Qualche nota scientifica: come si stabilisce quanto sia pericoloso un virus? Certamente non con «impressioni», ma attraverso i calcoli dell’epidemiologia, disciplina matematico-statistica. Ci sono tre parametri importanti da valutare: 1. la capacità del virus di diffondersi nella popolazione, cioè il rapporto tra numero di persone infettate e popolazione; 2. la mortalità, cioè il rapporto tra le persone decedute per l’infezione e le persone esposte (cioè infettati e non infettati); 3. la letalità, cioè il rapporto tra il numero degli infettati e il numero dei morti.

COVID-19 (Coronavirus disease 2019) ha una mortalità più bassa dell’influenza, ma una letalità molto più alta. Cosa si può fare? Non possiamo intervenire molto sulla letalità in questo momento, ma possiamo tenere bassa la mortalità se il numero di persone che s’infetta resta basso. In pratica occorre ridurre al minimo la diffusione del virus. Ecco il senso della «quarantena».

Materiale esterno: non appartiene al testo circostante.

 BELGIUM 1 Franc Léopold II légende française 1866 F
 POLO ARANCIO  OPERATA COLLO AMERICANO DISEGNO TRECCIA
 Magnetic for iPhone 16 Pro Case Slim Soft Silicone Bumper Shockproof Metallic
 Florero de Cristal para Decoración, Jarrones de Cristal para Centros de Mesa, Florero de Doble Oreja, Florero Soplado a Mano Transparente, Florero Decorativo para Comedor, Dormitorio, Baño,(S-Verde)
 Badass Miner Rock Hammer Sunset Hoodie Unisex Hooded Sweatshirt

Non discutiamo qui di eventuali errori o ritardi nella gestione dell’emergenza: ciò che oggi conta è affrontare la situazione. I virus, come ogni forma di vita, cercano di sopravvivere e lo fanno secondo le leggi della biologia a spese di viventi più complessi: lasciamo perdere interpretazioni apocalittiche.

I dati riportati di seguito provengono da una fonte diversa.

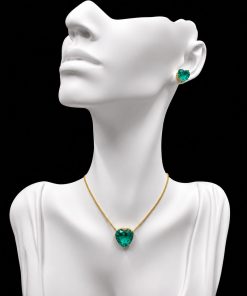 Conjunto Colar e Brinco Dourado Pedra Fusion Coração Turmalina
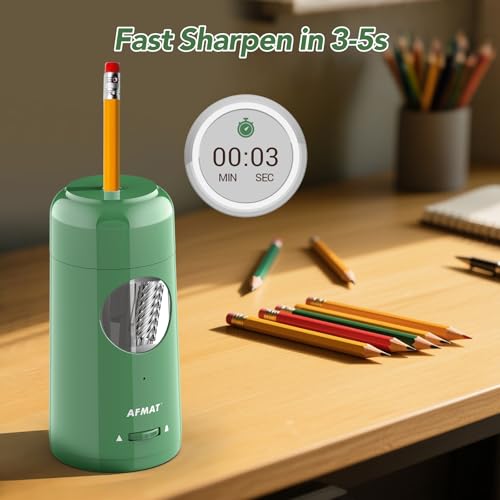 AFMAT Electric Pencil Sharpener, Rechargeable Automatic Pencil Sharpener for Jumbo & Colored Pencils (7-11.5mm), Auto in/Out, Hands-Free, Large Shaving Box, Portable for Kids/Home/Classroom/School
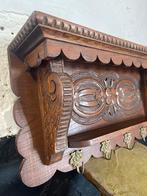 Vintage antieke kapstok wandrek messing haken houtsnijwerk, Ophalen of Verzenden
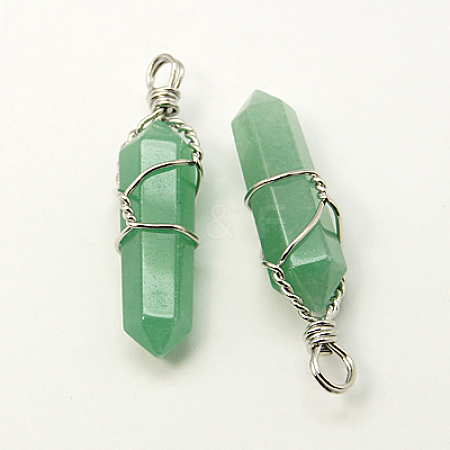 Natural Green Aventurine Double Terminated Pointed Pendants G-J062-01P-1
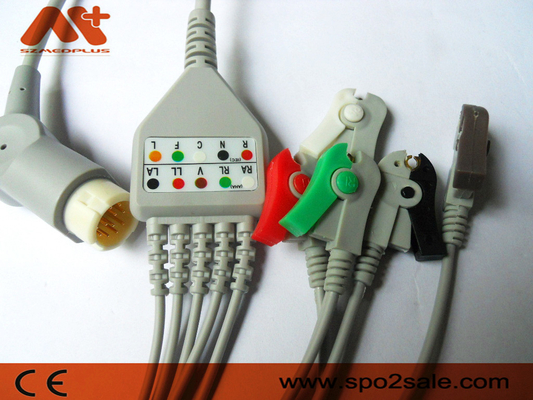 สายเคเบิล ECG ที่เชื่อมต่อโดยตรง 5 ตัวของ Philips ที่เข้ากันได้ - M1975A
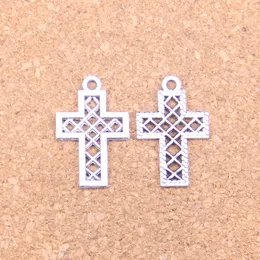 158pcs Antik Silver Bronze Plated Hollow Grid Cross Charms Pendant DIY Halsband Armband Bangle Fynd 24 * 16mm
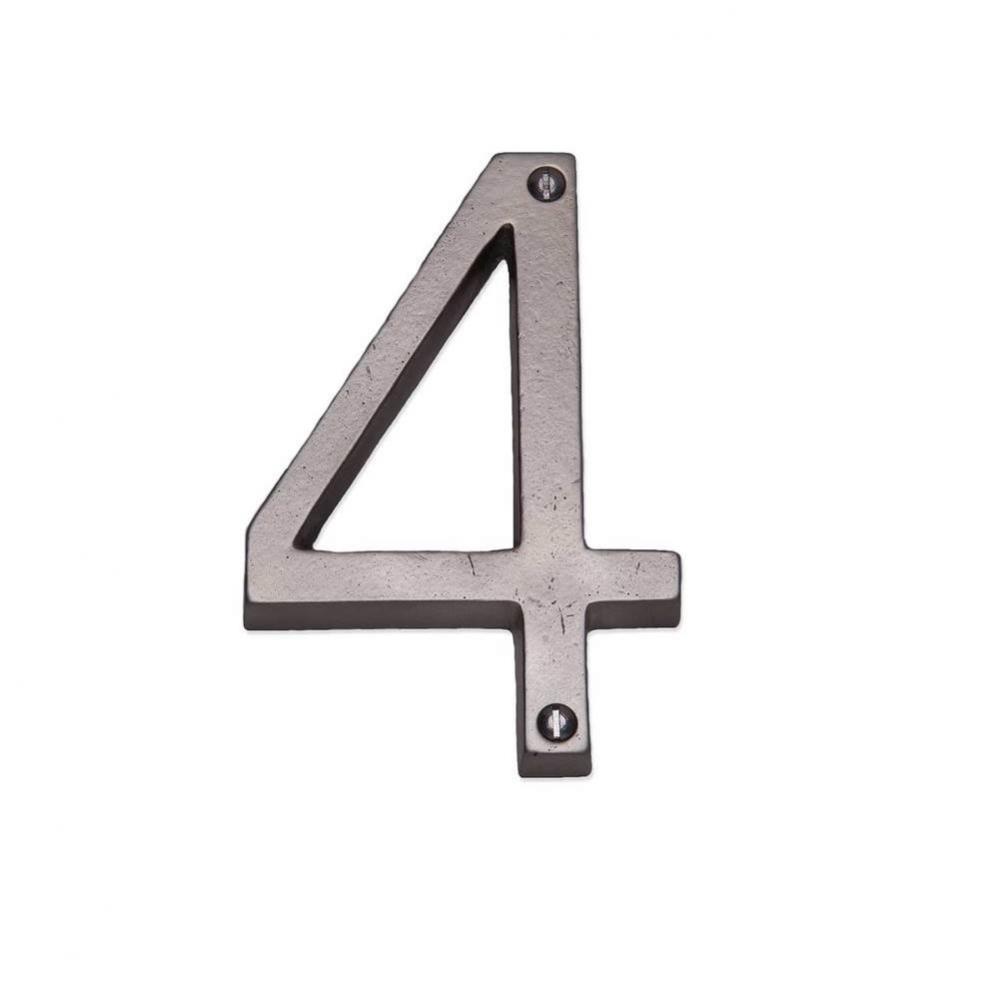 4 1/2'' Contemporary surface mount house number 4.
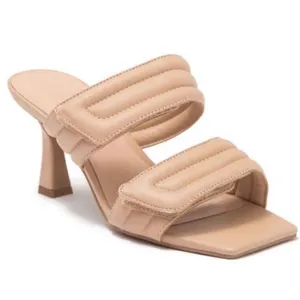 Abound Open‎ Toe Sandals Womens Size 6 Qarly Heeled Tan Slip On Heels thumbnail 9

Consapevoli di essere comunità: il senso della resposabilità

Questa vicenda ci ricorda che non siamo solo individui, siamo comunità umana, condividiamo gli stessi spazi, le stesse risorse sul pianeta. Il mondo umano è mondo dell’etica ed eventi simili ci richiamano potentemente alla responsabilità personale e collettiva. Chiunque abbia formazione e coscienza ha il dovere di aiutare chi ha vicino a comprendere le notizie, a reagire correttamente, ad assumere comportamenti utili a migliorare il vivere comunitario e la salute di tutti.

Se l’individuo cerca il proprio beneficio a scapito di altri, dividendo la comunità invece di unirla in legami solidali, non otterrà mai un benessere duraturo. Rispettare le regole che ci vengono indicate è doveroso anche per ricostruire il senso della comunità umana a cui apparteniamo.

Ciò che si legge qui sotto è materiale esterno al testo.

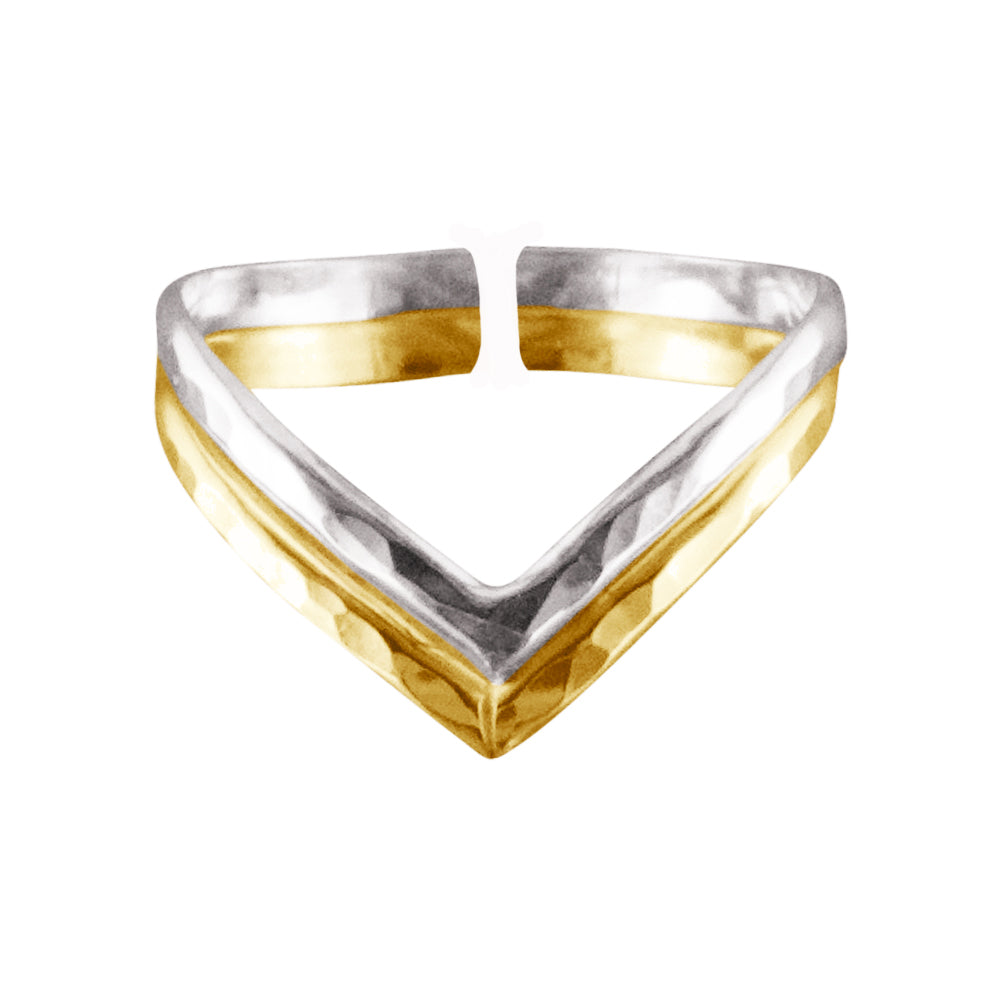 Double V - Two Tone Adjustable Toe Ring - TRA16 MX
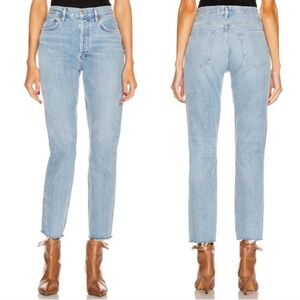 Agolde Remy High Rise Straight Raw Hem Button Fly light Wash Jeans Size 27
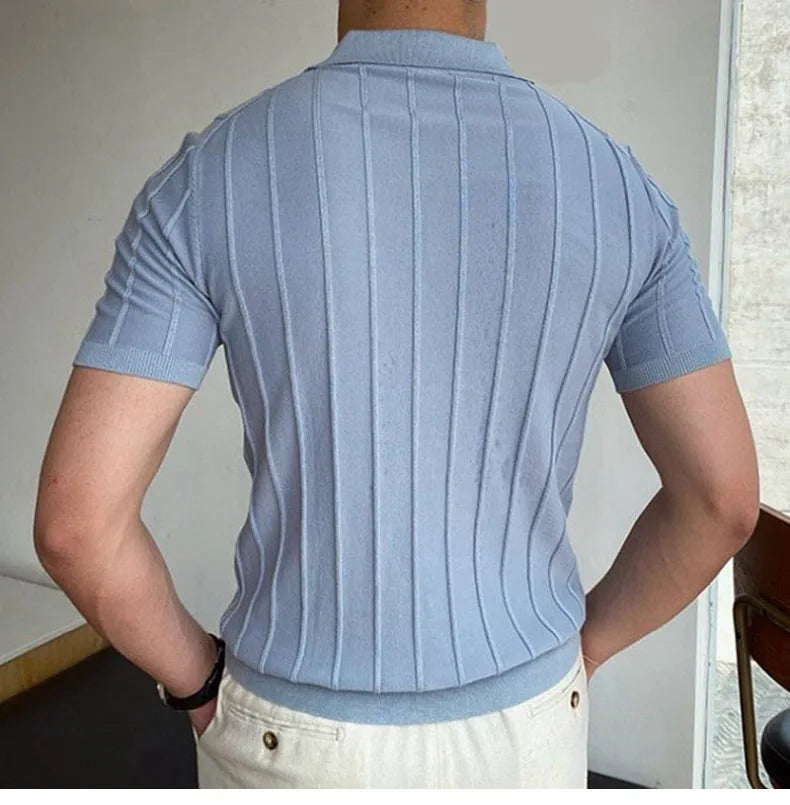 Men's Short-Sleeved Polo Shirt with Lapel Collar, Business Casual Style, Pure Color Sweater, New Fashionable Design, Plus Size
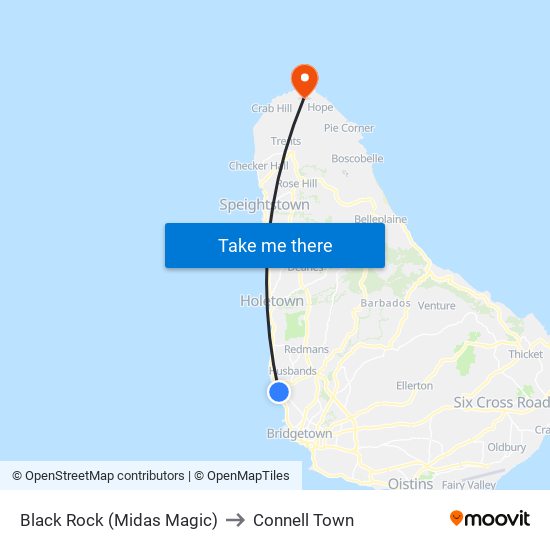Black Rock (Midas Magic) to Connell Town map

L’epidemia di COVID-19 certamente segna il nostro paese e il mondo da vari punti di vista, non solo quello sanitario, ma anche quello economico. Di fronte a emergenze che scuotono emotivamente (lo mostrano gli accaparramenti ai supermercati, le aggressioni a presunti responsabili dell’infezione) c’è un richiamo forte a verificare come viviamo il nostro essere legati gli uni agli altri: siamo solidali o competitori?

La lucidità è fondamentale e il dovere di solidarietà ci rende più consapevoli. Cristiani ed ebrei in questi giorni hanno reso pubblico il loro impegno a mettere subito in atto negli spazi di loro pertinenza le misure che sono state prese a livello politico e amministrativo per gestire l’emergenza sanitaria. La tradizione biblica afferma con forza la responsabilità che abbiamo gli uni per gli altri, che in questo momento si traduce in cura dei comportamenti utili per la salute propria e altrui.

Ci auguriamo tutti che questa emergenza passi presto e con meno vittime possibile, ma facciamo tesoro di ciò che ci lascerà: non solo forse una memoria immunitaria e forse un vaccino nuovo, ma un’esperienza di coesione sociale, di solidarietà, una nuova coscienza della nostra fragilità umana, e del valore immenso del sentirsi ed essere comunità.

 

Ilenya Goss è pastora valdese e professore incaricato di Storia della medicina ed etica presso Università degli studi di Torino.